Look through the data below for the line with "Today I'll show", and transcribe it exactly together with each line after it up to and including the line with "Hope you understood". Give nothing else.

### Information given
====================

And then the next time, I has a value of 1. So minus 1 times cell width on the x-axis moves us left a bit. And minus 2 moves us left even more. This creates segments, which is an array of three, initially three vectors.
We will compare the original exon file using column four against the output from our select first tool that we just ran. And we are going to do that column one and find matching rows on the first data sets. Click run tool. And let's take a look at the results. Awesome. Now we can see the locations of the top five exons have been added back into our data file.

====================

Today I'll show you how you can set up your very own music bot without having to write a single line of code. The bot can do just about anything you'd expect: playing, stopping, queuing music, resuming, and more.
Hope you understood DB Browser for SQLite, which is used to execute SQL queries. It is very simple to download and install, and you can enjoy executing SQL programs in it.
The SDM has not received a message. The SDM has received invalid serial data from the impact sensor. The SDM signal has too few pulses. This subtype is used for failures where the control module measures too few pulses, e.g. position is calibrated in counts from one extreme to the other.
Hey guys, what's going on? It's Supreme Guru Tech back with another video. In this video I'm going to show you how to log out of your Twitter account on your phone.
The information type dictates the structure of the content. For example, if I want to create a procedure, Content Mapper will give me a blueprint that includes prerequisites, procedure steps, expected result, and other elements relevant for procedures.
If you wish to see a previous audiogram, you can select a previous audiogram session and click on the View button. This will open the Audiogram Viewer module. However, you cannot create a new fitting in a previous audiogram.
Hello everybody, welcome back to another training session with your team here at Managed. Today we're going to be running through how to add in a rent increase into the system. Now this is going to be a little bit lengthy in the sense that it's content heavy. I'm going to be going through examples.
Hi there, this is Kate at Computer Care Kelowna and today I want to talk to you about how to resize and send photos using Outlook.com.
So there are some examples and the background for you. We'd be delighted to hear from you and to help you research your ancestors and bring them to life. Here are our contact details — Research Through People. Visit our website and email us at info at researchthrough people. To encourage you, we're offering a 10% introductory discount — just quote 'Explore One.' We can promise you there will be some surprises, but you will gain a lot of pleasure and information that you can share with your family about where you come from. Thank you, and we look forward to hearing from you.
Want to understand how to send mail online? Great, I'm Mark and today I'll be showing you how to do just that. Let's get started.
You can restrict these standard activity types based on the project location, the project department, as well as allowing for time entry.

====================

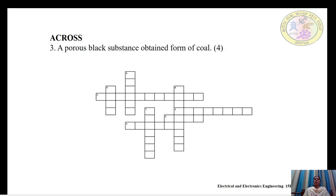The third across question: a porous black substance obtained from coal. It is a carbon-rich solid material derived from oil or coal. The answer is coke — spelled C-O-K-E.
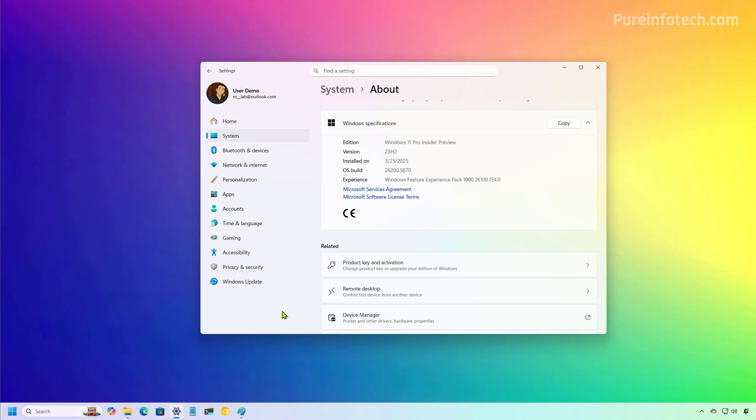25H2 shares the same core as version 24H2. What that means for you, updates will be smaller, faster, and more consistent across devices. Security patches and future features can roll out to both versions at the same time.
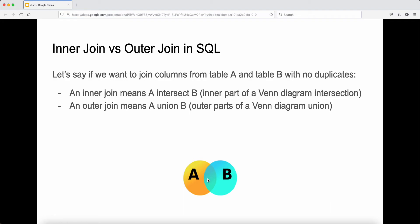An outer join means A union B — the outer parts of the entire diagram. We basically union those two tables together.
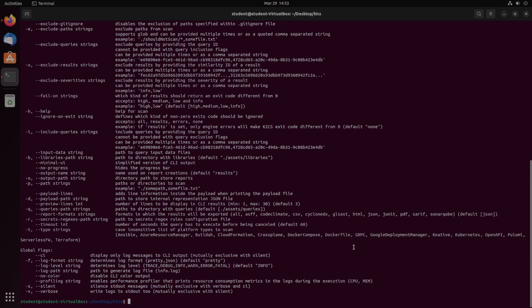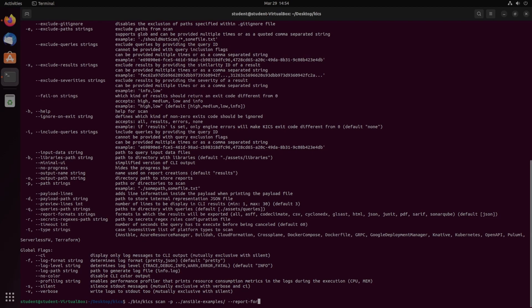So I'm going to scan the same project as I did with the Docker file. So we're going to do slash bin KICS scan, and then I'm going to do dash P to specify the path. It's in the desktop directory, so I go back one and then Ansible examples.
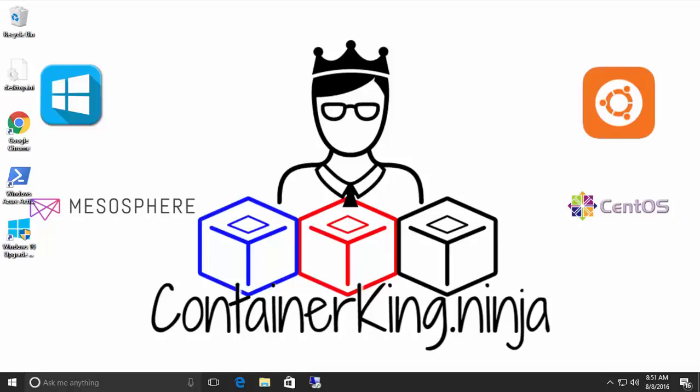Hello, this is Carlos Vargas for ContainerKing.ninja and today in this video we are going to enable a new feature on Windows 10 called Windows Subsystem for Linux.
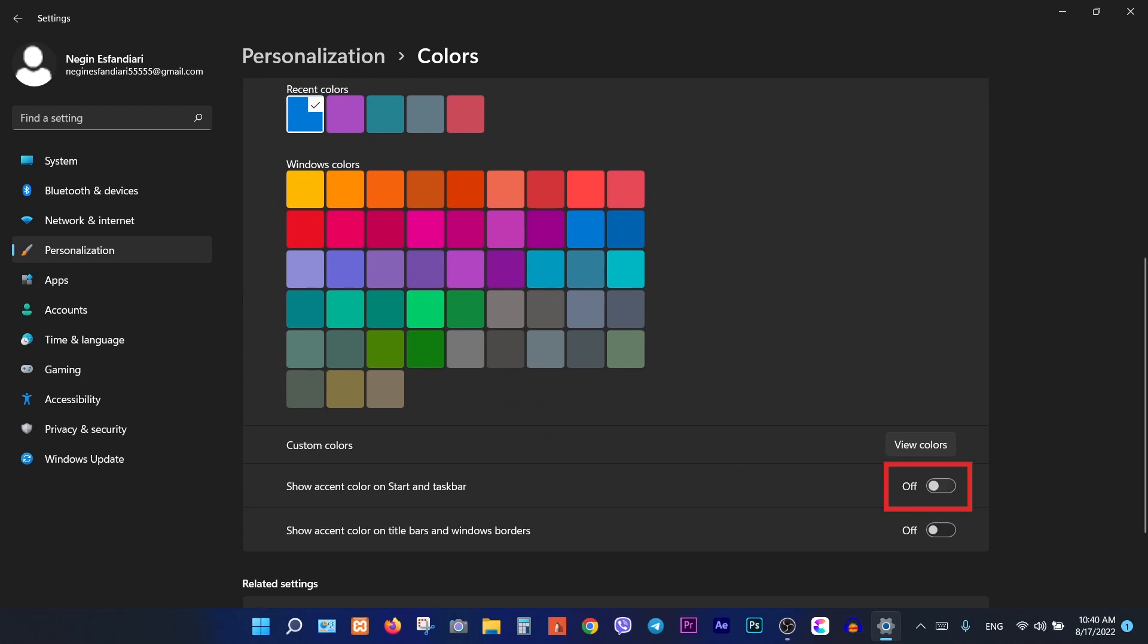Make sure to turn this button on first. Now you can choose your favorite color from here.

====================

### Result of this task
Today I'll show you how you can set up your very own music bot without having to write a single line of code. The bot can do just about anything you'd expect: playing, stopping, queuing music, resuming, and more.
Hope you understood DB Browser for SQLite, which is used to execute SQL queries. It is very simple to download and install, and you can enjoy executing SQL programs in it.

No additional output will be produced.